Dr. Bjarne Berg DRAFT
Bedrock Requirements
Ralph Kimball has introduced six bedrock requirements for a data warehouse. The first is that the data warehouse must provide access to information. This requirement is enlarged by also encompassing the ability to easily find information, direct access (not through 3rd person), quick access through acceptable query performance, and finally that the system provides simple navigation for analytical purposes.
The second requirement is that the data in the data warehouse is consistent. This does not only mean that the data is accurate, but also that the data can be reconciled across systems as well. The data must also have the same meaning so that the field “customer” is populated with the same type of data as in other systems containing that attribute (data definition standards). The data must also use the same calculations for key figures. If “net sales” are calculated one way in the data warehouse, it must be consistent across all data stores regardless on the business units or organization. Finally, Kimball’s’ definition of consistency also require user notification about any data latency issues.
The thirds bedrock requirement is that the data can be accessed and pivoted through slicing and dicing. This is a process whereas the fields of a dimension are used to pass constraints on the data I.e. “show me the sales for this region”, followed by “show me the costs of sales in the stores in the region I just selected”. This example demonstrated both drill-down (from region to store) and slicing of the data through the review of cost of sales instead of the sales amount.
The forth requirement is that the data warehouse does not consist of data alone. It is a total architecture of tools and structures and should include query tools and presentation tools to transform the data to information that can be analyzed by the end users.
The fifth requirement is that the data warehouse is used as a publishing hub for “old” data. This publishing idea mean that the data providers are responsible for only making available data that can be used by others without having to worry about data quality, missing elements and missing records.
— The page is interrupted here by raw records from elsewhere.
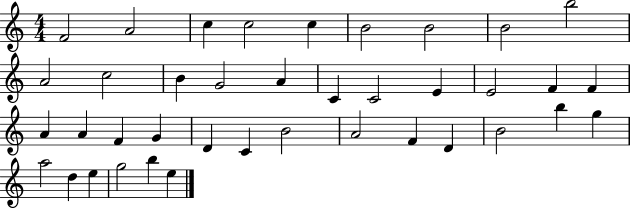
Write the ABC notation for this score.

X:1
T:Untitled
M:4/4
L:1/4
K:C
F2 A2 c c2 c B2 B2 B2 b2 A2 c2 B G2 A C C2 E E2 F F A A F G D C B2 A2 F D B2 b g a2 d e g2 b e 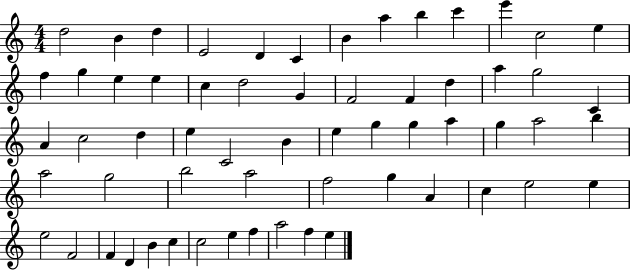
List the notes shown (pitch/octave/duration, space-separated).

D5/h B4/q D5/q E4/h D4/q C4/q B4/q A5/q B5/q C6/q E6/q C5/h E5/q F5/q G5/q E5/q E5/q C5/q D5/h G4/q F4/h F4/q D5/q A5/q G5/h C4/q A4/q C5/h D5/q E5/q C4/h B4/q E5/q G5/q G5/q A5/q G5/q A5/h B5/q A5/h G5/h B5/h A5/h F5/h G5/q A4/q C5/q E5/h E5/q E5/h F4/h F4/q D4/q B4/q C5/q C5/h E5/q F5/q A5/h F5/q E5/q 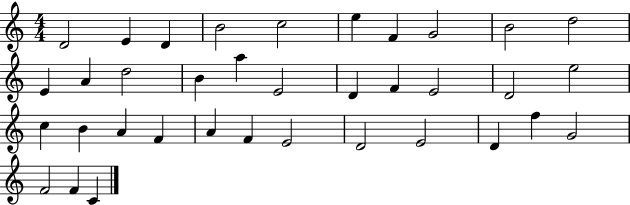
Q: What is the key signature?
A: C major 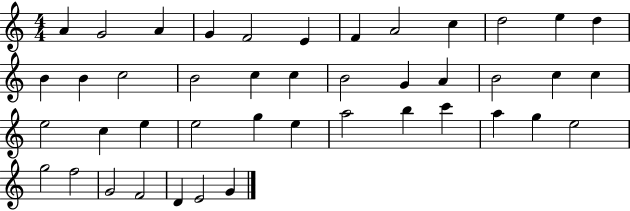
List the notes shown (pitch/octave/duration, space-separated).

A4/q G4/h A4/q G4/q F4/h E4/q F4/q A4/h C5/q D5/h E5/q D5/q B4/q B4/q C5/h B4/h C5/q C5/q B4/h G4/q A4/q B4/h C5/q C5/q E5/h C5/q E5/q E5/h G5/q E5/q A5/h B5/q C6/q A5/q G5/q E5/h G5/h F5/h G4/h F4/h D4/q E4/h G4/q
Kimball introduces the concept of a “data quality manager” in the DRM that is responsible for the “editing” and release of only high quality data to the organization.
The last bedrock requirement is that the data is actionable. This means that the data can be used by managers to change the way they do business due to better insights. The ‘buzz word’ for this is Business Process reengineering. The implications are that the organization must capture complete sets of data in order to act on it later. Without a partial view of the activities in an organization, managers can be led astray or be unable to drill into the causation of events and market changes. Kimball therefore advocates that the organization collects the data it has, takes a look at it and then determines the impact of the missing data elements. This, he argues, will lead organizations to change their business processes and also to start capturing more valuable information about their processes. However, if the data is not made actionable due to data inconsistencies or missing data points, the organization cannot act and the value of the data warehouse is diminished.
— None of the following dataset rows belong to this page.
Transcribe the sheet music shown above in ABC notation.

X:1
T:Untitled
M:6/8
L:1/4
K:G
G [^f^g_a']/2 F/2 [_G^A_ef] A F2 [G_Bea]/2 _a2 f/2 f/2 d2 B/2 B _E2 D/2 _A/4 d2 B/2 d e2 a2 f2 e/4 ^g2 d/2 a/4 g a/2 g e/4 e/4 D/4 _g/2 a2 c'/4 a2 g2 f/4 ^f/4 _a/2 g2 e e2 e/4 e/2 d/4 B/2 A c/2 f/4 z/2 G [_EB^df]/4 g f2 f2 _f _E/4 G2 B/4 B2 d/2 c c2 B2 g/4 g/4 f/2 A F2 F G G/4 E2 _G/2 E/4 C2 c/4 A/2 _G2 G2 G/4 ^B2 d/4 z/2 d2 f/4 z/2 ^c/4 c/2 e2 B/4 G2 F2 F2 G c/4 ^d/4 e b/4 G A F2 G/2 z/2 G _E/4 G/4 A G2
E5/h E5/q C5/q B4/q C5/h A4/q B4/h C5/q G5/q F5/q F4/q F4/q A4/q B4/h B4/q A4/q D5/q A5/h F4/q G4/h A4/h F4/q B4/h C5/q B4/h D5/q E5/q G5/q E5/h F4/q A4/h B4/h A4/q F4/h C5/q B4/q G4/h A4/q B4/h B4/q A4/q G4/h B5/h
While there are more bedrock requirements for a data warehouse (i.e. fault tolerance of the hardware, change management, communication, training and documentation), Kimball argues that these are embedded in the six items listed in his book. However, a strong case can be made to address each of these additional requirements as “bedrock” requirements as well...
PS! It is worth noting that Kimball in an August 1996 article in DBMS on-line wrote “The ODS must be the bedrock of the data warehouse itself”, but did not include this observation in his book...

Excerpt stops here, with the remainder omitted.